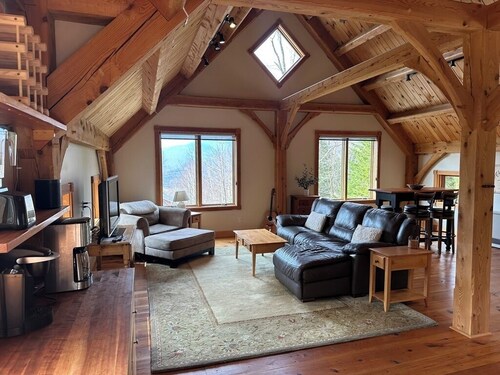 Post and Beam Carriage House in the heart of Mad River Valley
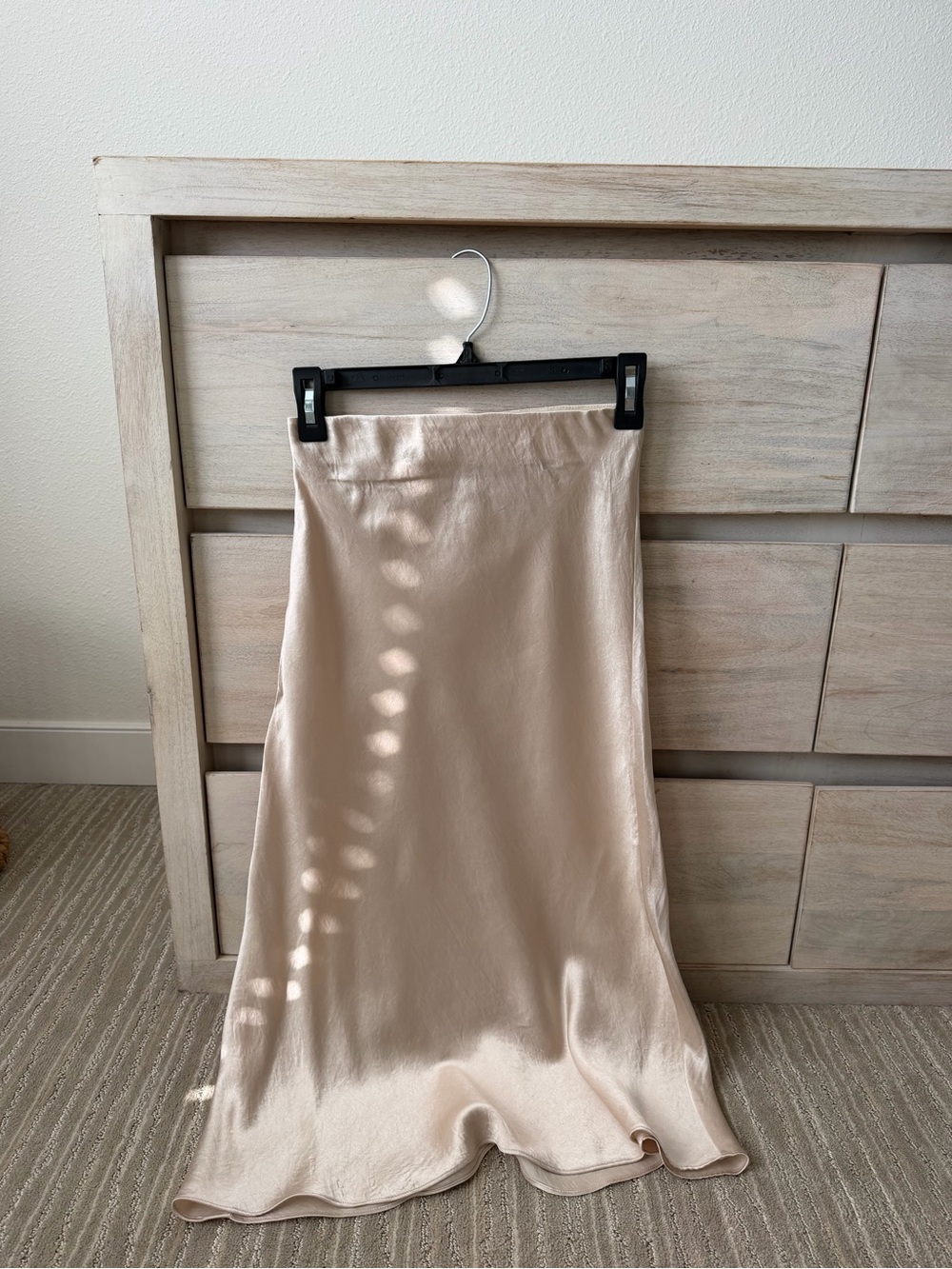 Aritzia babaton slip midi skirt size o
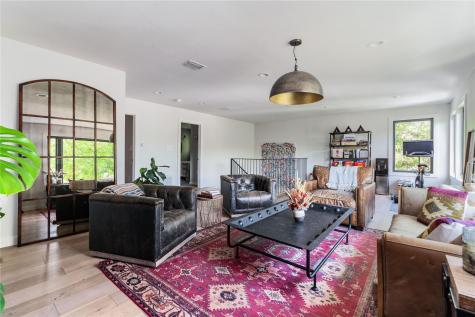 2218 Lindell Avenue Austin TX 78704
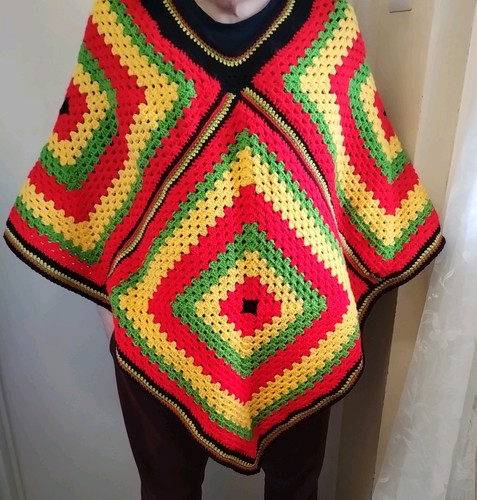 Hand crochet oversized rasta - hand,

» **Problem requirements**
Set down the full listing above with its wording unchanged. Leave out its images.

» **Answer for this exercise**
 Post and Beam Carriage House in the heart of Mad River Valley
 Aritzia babaton slip midi skirt size o
 2218 Lindell Avenue Austin TX 78704
 Hand crochet oversized rasta - hand,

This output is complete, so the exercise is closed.